→ EXERCISE INSTRUCTIONS: From the data below, repeat exactly the lines from the line with "Ambulansa yumrukla saldırdı" to the line with "Well-maintained 4-bedroom Terrace", both included.

→ PROVIDED ENTRIES:
++++++++++

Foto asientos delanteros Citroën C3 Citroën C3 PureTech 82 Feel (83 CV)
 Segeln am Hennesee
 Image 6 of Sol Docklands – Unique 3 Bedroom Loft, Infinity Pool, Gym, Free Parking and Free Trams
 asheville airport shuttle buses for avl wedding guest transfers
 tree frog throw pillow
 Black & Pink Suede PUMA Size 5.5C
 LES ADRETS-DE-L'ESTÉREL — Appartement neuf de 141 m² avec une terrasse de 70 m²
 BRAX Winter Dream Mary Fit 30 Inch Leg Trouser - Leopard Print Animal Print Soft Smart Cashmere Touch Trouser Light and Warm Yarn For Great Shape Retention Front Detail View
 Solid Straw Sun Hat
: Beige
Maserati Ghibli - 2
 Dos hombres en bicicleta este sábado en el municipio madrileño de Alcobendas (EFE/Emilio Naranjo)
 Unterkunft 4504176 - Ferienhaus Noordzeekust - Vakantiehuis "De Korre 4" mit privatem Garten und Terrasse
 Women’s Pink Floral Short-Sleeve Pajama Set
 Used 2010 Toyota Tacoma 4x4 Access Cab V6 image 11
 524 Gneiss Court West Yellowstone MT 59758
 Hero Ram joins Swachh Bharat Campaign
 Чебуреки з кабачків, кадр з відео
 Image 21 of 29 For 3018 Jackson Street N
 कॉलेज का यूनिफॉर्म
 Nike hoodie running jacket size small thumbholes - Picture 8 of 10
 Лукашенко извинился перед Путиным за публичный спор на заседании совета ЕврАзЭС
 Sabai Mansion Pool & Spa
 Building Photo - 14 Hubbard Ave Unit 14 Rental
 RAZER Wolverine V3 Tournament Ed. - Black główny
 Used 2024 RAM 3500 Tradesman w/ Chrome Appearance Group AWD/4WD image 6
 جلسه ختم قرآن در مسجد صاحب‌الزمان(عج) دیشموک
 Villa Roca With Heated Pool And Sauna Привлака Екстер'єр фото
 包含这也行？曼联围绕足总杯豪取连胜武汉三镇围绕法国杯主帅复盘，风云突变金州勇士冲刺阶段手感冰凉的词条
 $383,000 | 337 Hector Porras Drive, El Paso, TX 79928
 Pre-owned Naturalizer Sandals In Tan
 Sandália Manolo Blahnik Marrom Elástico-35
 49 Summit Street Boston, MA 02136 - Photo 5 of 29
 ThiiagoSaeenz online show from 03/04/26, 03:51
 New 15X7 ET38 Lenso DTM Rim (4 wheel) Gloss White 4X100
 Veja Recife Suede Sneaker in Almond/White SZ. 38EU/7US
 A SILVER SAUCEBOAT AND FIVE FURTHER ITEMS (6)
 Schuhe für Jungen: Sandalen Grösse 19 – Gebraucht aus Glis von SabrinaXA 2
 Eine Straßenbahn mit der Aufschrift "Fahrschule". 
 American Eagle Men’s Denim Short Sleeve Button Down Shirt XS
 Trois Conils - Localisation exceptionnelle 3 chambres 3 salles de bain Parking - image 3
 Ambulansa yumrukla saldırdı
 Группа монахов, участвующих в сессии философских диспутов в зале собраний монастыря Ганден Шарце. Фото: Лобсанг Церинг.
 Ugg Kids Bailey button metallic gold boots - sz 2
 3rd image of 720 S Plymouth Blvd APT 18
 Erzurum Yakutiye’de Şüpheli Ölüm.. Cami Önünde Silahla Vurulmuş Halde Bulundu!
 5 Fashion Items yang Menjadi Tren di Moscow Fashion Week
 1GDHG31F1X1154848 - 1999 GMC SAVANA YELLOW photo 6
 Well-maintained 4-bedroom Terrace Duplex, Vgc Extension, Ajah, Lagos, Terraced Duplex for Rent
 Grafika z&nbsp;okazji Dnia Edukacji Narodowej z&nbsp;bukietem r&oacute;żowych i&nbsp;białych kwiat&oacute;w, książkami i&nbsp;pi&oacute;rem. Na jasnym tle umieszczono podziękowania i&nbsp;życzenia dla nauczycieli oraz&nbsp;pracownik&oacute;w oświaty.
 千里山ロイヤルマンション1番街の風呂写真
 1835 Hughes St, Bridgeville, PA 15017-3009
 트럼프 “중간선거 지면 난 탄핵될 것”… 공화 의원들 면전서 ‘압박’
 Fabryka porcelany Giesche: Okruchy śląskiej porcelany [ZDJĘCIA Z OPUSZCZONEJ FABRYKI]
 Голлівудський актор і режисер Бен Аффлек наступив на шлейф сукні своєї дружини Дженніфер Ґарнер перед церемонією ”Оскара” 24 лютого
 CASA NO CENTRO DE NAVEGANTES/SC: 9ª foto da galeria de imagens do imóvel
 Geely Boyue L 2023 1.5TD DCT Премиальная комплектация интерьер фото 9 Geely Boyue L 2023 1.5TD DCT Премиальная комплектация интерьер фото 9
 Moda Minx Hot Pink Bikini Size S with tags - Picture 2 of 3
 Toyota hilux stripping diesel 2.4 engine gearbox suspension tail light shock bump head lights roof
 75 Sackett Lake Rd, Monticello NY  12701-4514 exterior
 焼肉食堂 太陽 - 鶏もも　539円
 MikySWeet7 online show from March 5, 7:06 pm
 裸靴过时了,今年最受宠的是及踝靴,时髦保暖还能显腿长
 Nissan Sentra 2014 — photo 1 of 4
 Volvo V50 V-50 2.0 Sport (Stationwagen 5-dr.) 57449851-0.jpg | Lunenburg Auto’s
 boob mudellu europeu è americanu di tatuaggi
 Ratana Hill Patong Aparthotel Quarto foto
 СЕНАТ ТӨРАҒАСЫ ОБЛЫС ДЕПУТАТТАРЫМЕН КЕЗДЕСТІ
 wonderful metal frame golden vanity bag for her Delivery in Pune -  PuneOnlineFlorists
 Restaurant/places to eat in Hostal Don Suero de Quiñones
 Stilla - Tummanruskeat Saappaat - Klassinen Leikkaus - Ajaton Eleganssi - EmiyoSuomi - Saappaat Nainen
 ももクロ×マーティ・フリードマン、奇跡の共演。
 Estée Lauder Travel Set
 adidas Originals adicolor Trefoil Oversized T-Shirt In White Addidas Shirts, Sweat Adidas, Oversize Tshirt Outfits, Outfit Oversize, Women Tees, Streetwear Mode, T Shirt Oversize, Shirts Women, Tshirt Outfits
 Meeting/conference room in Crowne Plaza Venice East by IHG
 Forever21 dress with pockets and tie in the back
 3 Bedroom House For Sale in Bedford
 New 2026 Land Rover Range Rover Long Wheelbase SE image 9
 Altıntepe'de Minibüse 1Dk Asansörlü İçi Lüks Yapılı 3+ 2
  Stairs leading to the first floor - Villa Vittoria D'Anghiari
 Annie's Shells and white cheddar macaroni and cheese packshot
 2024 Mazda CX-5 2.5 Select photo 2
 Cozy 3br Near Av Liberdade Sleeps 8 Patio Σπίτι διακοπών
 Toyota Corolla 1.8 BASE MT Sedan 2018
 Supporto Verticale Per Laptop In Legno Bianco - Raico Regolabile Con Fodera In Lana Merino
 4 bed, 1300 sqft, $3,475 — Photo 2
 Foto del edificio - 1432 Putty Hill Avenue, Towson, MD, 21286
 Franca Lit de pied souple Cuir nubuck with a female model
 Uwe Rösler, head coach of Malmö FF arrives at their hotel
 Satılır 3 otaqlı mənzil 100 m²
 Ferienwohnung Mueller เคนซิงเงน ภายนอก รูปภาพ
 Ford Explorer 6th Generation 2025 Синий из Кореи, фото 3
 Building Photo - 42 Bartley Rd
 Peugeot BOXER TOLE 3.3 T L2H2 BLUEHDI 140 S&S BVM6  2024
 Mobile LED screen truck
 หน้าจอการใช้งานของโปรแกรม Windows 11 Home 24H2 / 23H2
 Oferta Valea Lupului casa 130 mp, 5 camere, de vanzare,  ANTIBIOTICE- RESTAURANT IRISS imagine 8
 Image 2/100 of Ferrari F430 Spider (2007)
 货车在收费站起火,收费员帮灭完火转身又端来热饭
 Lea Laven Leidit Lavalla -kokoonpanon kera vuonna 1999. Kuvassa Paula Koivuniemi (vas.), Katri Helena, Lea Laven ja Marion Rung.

++++++++++

→ EXERCISE OUTPUT:
 Ambulansa yumrukla saldırdı
 Группа монахов, участвующих в сессии философских диспутов в зале собраний монастыря Ганден Шарце. Фото: Лобсанг Церинг.
 Ugg Kids Bailey button metallic gold boots - sz 2
 3rd image of 720 S Plymouth Blvd APT 18
 Erzurum Yakutiye’de Şüpheli Ölüm.. Cami Önünde Silahla Vurulmuş Halde Bulundu!
 5 Fashion Items yang Menjadi Tren di Moscow Fashion Week
 1GDHG31F1X1154848 - 1999 GMC SAVANA YELLOW photo 6
 Well-maintained 4-bedroom Terrace Duplex, Vgc Extension, Ajah, Lagos, Terraced Duplex for Rent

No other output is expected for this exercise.